Le théâtre forain ambulant occupe une place que l’on pourrait qualifier de centrale dans l’histoire du théâtre en France. Pourtant, ces théâtres familiaux à structures démontables qui circulaient dans les campagnes de France pendant plus de 200 ans pour y « disséminer » l’art sont aujourd’hui oubliés, méconnus. Retour sur le théâtre forain ambulant avec Jean-Louis Sbeghen.
Théâtre forain ambulant, à ne pas confondre avec le théâtre de foire parisien du XVIIIe siècle
C’est à l’aube du XIXe siècle que sont apparus pour la première fois les théâtres démontables, plus précisément en province, bien avant le théâtre de foire parisien.
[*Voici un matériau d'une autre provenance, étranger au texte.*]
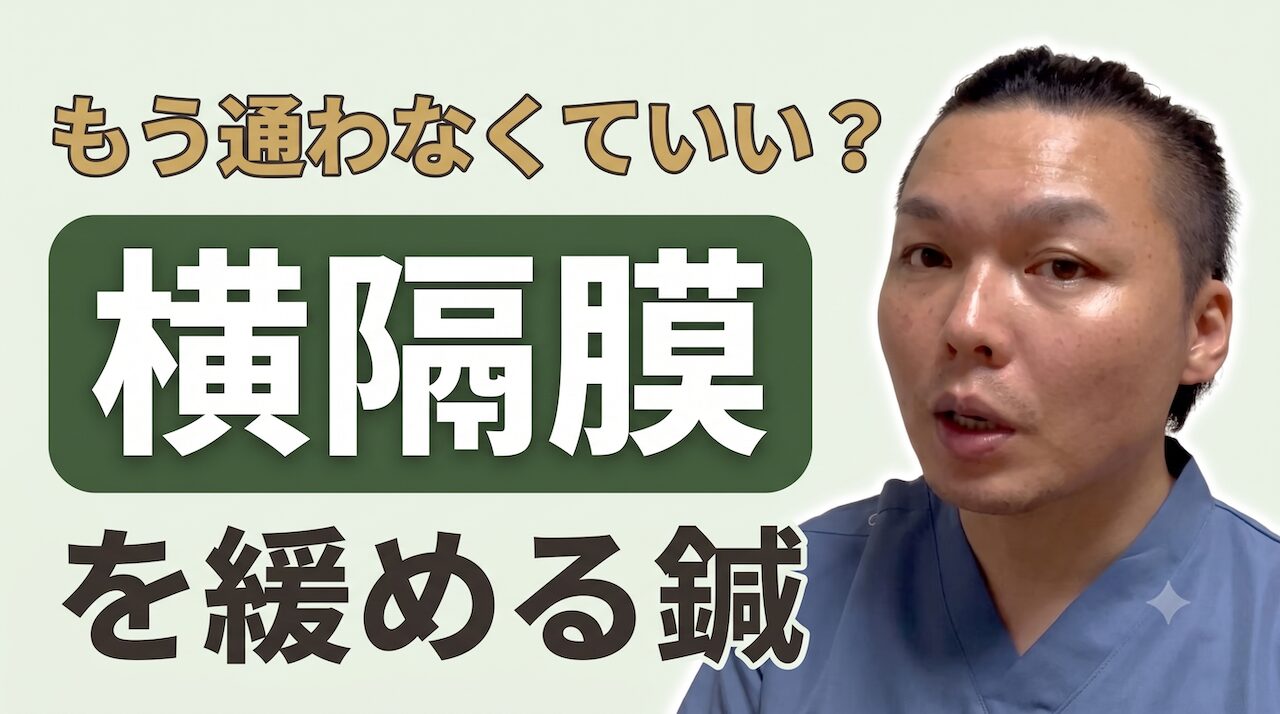 検査で異常なしの不調に｜横隔膜からアプローチする鍼灸｜木もれび鍼灸院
Drames, mélodrames, vaudevilles, opéras, hautes comédies… à cette époque, les théâtres démontables proposaient un large éventail de pièces, toujours en province. Malgré cela, cette forme théâtrale va progressivement tomber dans les oubliettes, car volontairement délaissée par les pouvoirs publics, jusqu’à sa disparition « officielle » en 1960.
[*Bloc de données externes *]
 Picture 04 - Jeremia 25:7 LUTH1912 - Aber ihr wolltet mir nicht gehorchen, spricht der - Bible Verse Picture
Une fois n’est pas coutume, les théâtres forains ambulants allaient amuser le spectateur là où il était. « Si tu ne vas pas au théâtre, le théâtre viendra à toi », semble être la devise des théâtres démontables. Des théâtres démontables qui, entre 1918 et 1939, étaient au nombre de 200. Chaque année, ils visitaient en moyenne 4 villes, où ils amenaient leur propre structure théâtrale.
Un théâtre familial par excellence
Les théâtres démontables sont, dans leur essence, des théâtres familiaux. C’est en effet la famille qui est à la base de ces troupes itinérantes. Souvent, la passion du métier est transmise de génération en génération. Au XIXe siècle, les familles les plus connues du théâtre forain ambulant étaient les Durozier, les Delamarre, les De Blasiis ou encore les Creteur-Cavalier. Des familles, ou plutôt des dynasties, qui ont magnifié l’art du théâtre ambulant, notamment avec des structures imposantes qui accueillaient le public. La salle avait une capacité d’accueil qui allait de 200 à 1 000 spectateurs, parfois plus. Pour déménager la structure, la démonter, la faire voyager pour la remonter dans une autre ville, les troupes avaient besoin de 5 jours de relâche.
Certainement l’une des plus connues à l’époque, la famille itinérante Creteur-Cavalier comptait pas moins de 4 générations qui se sont entièrement consacrées au métier de comédien itinérant. Dans le livre « Mon théâtre forain », Jean Creteur disait ceci : « Toute une vie de SDF au vrai sens du terme, passée à rouler et à jouer ». Car c’est bien ça la vie d’un comédien itinérant, et qui de mieux qu’un membre de la famille Creteur pour en parler… Au summum de sa carrière, après la Seconde Guerre, le théâtre forain ambulant de la famille Creteur-Cavalier disposait d’un convoi qui comptait 15 caravanes, transportant jusqu’à 20 personnes et plusieurs centaines de costumes et de décors. De toute évidence, transporter tout ce beau monde nécessitait une organisation d’horloger, mais aussi un grand sens de la « débrouille » pour pouvoir réparer ce qui devait l’être, bricoler, peindre… S’il arrivait que le convoi impressionnant fasse peur aux riverains, il ne fallait pas beaucoup de temps pour que ces derniers en redemandent.